I ran into the edge on one side. I used what I cut off and butted it against one of the spinning planes. It might be appearing or disappearing. I really like these parts of seeing. In between this and that.
Still working to get the original SunMoonStars class released at Feel Free. Fiddling.
My sadness has turned into curiosity. More questions that answers.
I am not ready for anymore conversation about any of it. Unspoken notes to self is all that remains for now.
The recently harvested indigo with seeds dried quickly. I hung three bundles from the ceiling beams in the studio. The wood stove has been cranked up for a few days. I'm tidying up because most of my time will be spent in the main part of the house soon. The studio will be heated less often as winter moves in. Probably, we'll see.
There will be company today so I am using some quiet time to separate seeds and leaves from the stems which will go in the compost. I love the blueish cast of the dried leaves.
There are still 2 pots brewing on the stove. One pomegranate. One black walnut. I will try to get some cloth dyed while the stove is fired up. I love the colors, the yellow earth colors that come from pom and walnut and copper pots. But more than color, I have begun working more with the reaction of tannin and metals. These pots are tannin soup.
Here, more deliberately with sun in mind. Old linen soaked in pom overnight, a tin can left to rest. I've done these rings before. But what if this time, I leave the the cloth dripping wet ? Allow the migration of the black marks. It radiates outward and feels good. I love how the form emerged from a simple change in process. Maybe many of these today. They make themselves really.

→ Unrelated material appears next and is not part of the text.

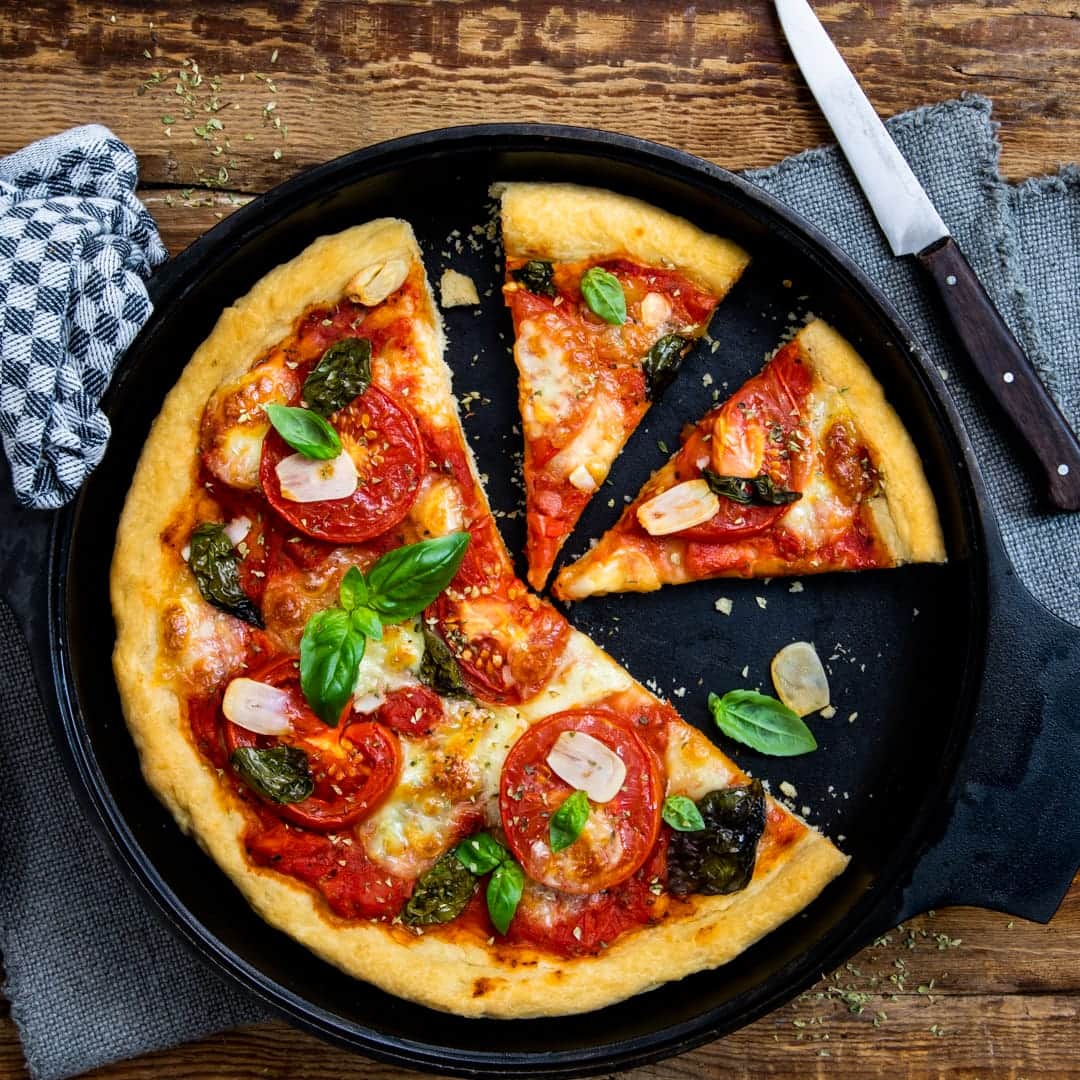 Der fluffige Teig macht diese American Pizza mit Mozzarella, Basilikum, Tomaten und Knoblauch doppelt lecker – zum reinbeißen!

Reconsidering Spaced out as a base for space then.
Working with one of those dyed bases here. And the nine from here. For now. Thinking about creating a pieced version of this base idea as well. And then maybe some other ways, there might be so many. I like this version of space. Divided by what is, a sense of order floating in it. Instead of harem cloth I used a small cotton print behind the thin dyed cloth. For the stabilizing layer. I like starry effect, blurred, like in a fog. There are many ways to play with this format. There is the center, the sense of windows, the spaces in between. Connecting the squares like dots, horizontally, vertically. All ways like a star. Well, shall we?
Note to self: A base, the field of space we choose to work within gives context to the story unfolding. Or sometimes the context can be the whole story. A not so blank slate. A welcome mat. Oh ha. I'm back!